Crawled caption data:
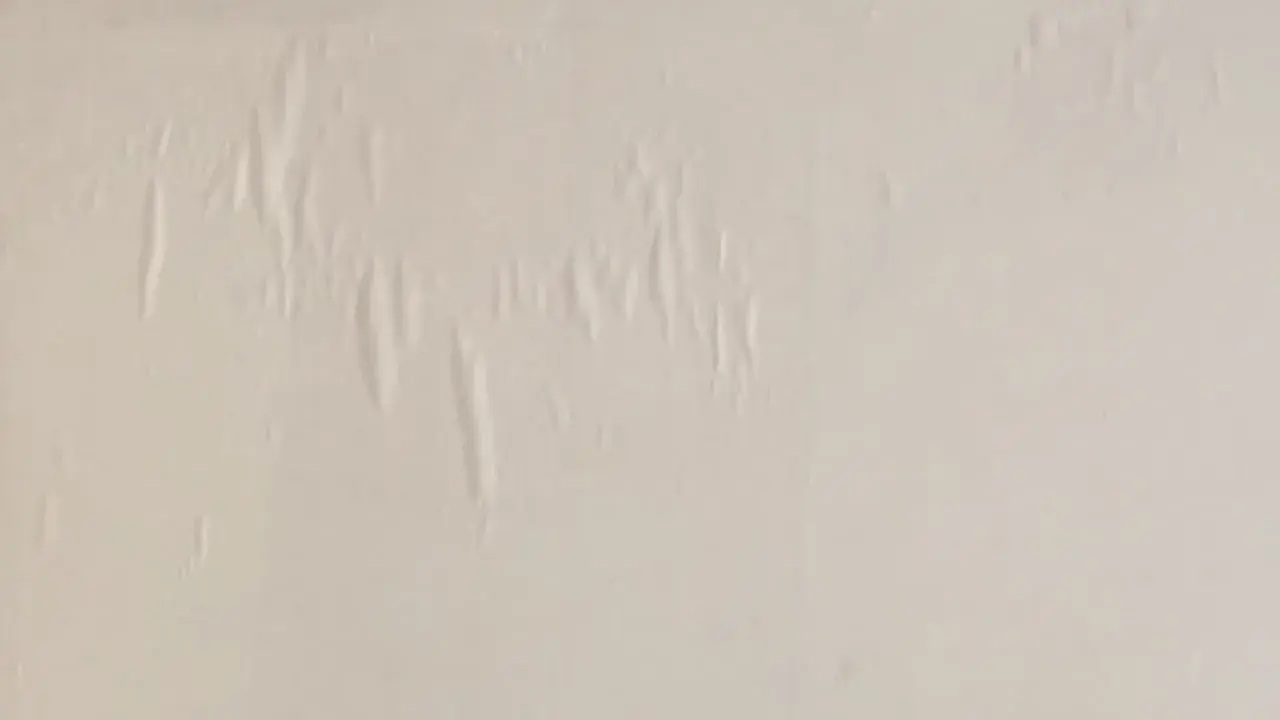 En vit vägg med bubblor och veck i tapeten, som om någon försökt tapetsera på tapet.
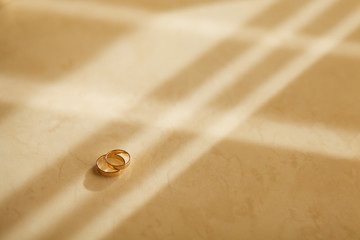 wedding rings on the table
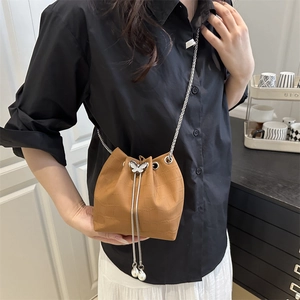 Sac seau marron à motif crocodile avec breloque papillon argentée et perles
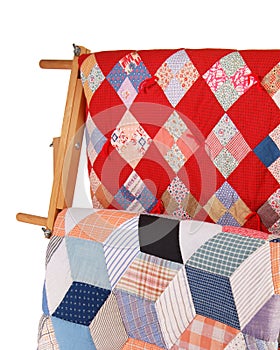 Two Quilts On A Wood Rack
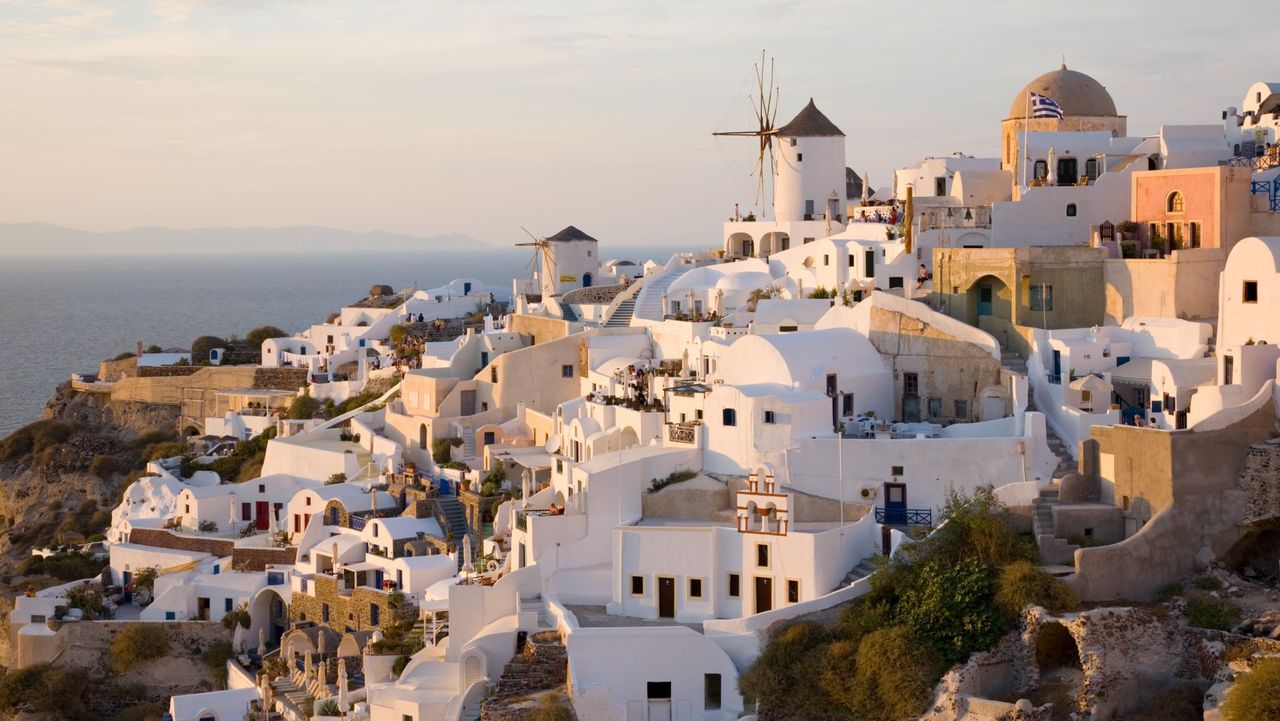 Whitewashed houses on Santorini, Greece, against ocean backdrop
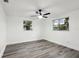 Airy bedroom with wood-look flooring, modern ceiling fan, and two windows at 11592 110Th Ter, Seminole, FL 33778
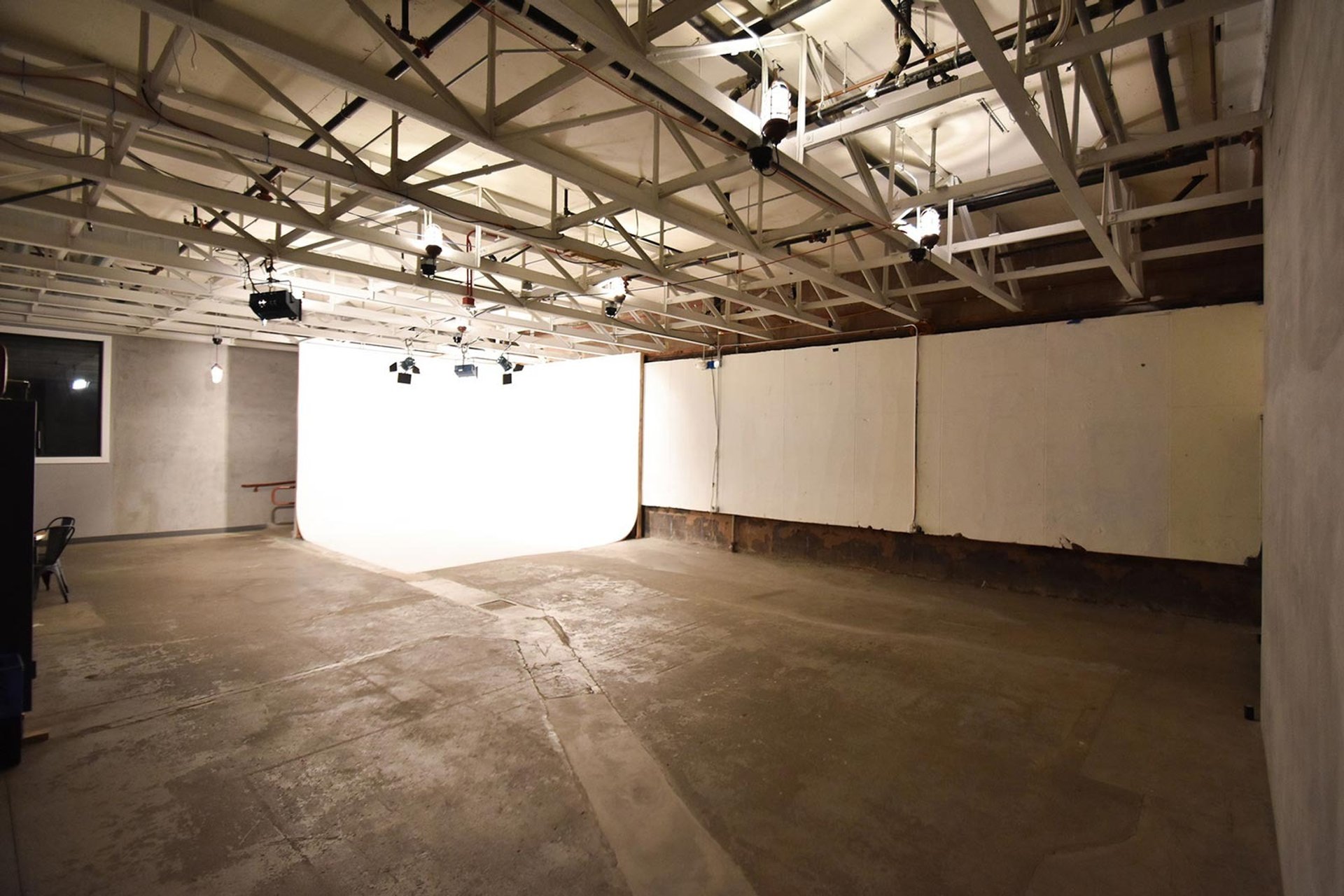 an abstract photo of a curved building with a blue sky in the background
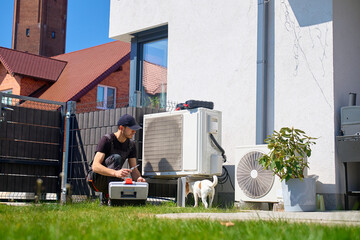Specialist servicing outdoor heat pump unit while a small dog stands near the equipment. Person inspecting heat pump on lawn near house on sunny day. HVAC service concept © Lazy_Bear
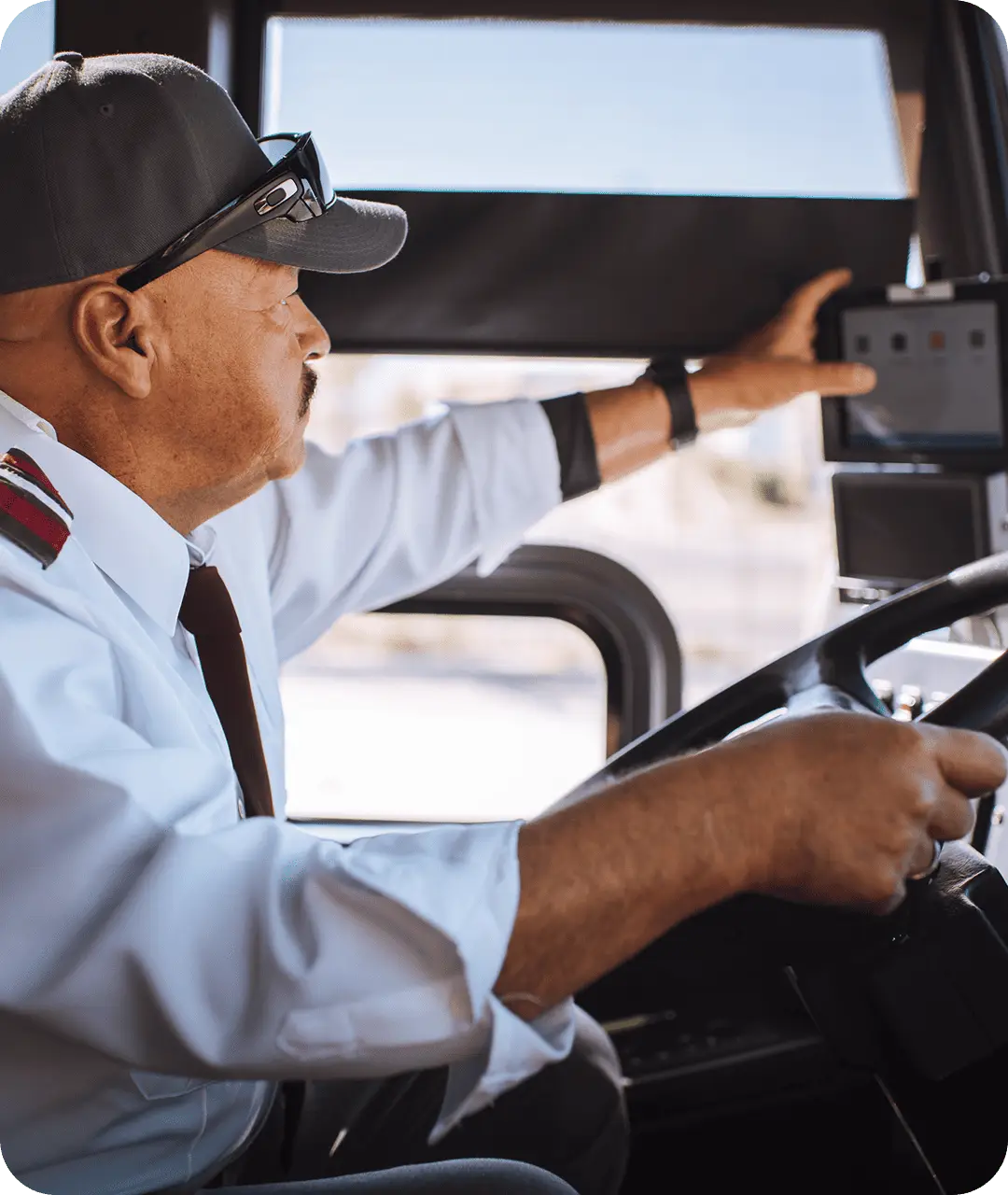 An All Aboard America driver in uniform adjusts the onboard monitoring screen while driving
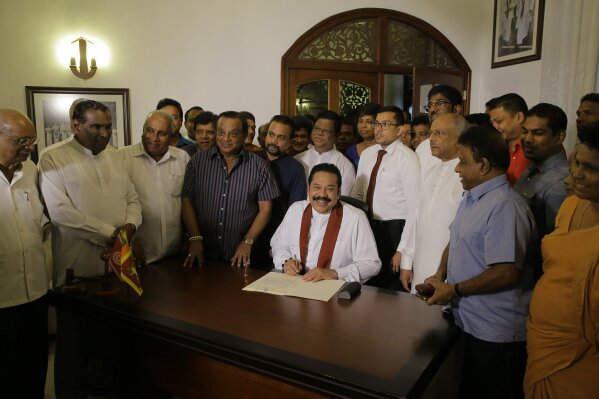 
              Sri Lanka's disputed Prime Minister Mahinda Rajapaksa signs his resignation letter at his residence in Colombo, Sri Lanka, Saturday, Dec. 15, 2018. Rajapaksa resigned on Saturday, saying he wants to end a political impasse over his appointment. (AP Photo/Eranga Jayawardena)
            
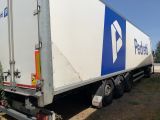 a semi truck that is parked on the side of the road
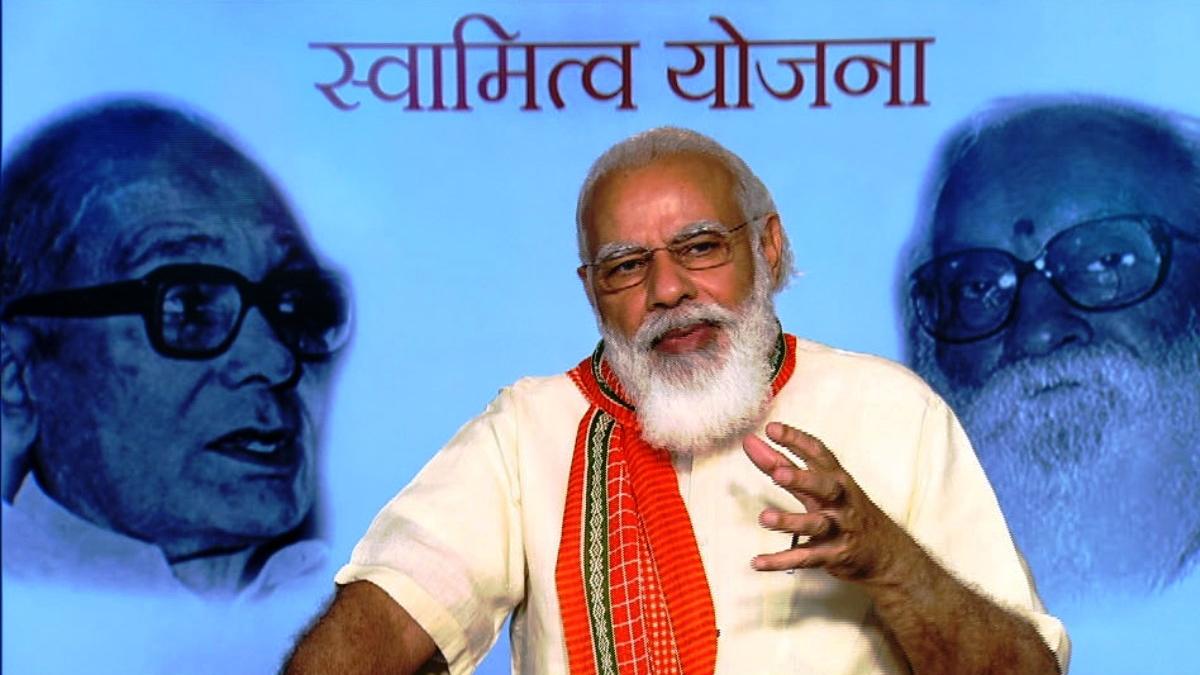 पीएम मोदी ने वितरित किये प्रॉपर्टी कार्ड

EXERCISE:
From the line that contains "Sri Lanka's disputed" to the last line of the data above, inclusive, transcribe every line exactly and only those lines, omitting pictures.

PROBLEM SOLUTION:
              Sri Lanka's disputed Prime Minister Mahinda Rajapaksa signs his resignation letter at his residence in Colombo, Sri Lanka, Saturday, Dec. 15, 2018. Rajapaksa resigned on Saturday, saying he wants to end a political impasse over his appointment. (AP Photo/Eranga Jayawardena)
            
 a semi truck that is parked on the side of the road
 पीएम मोदी ने वितरित किये प्रॉपर्टी कार्ड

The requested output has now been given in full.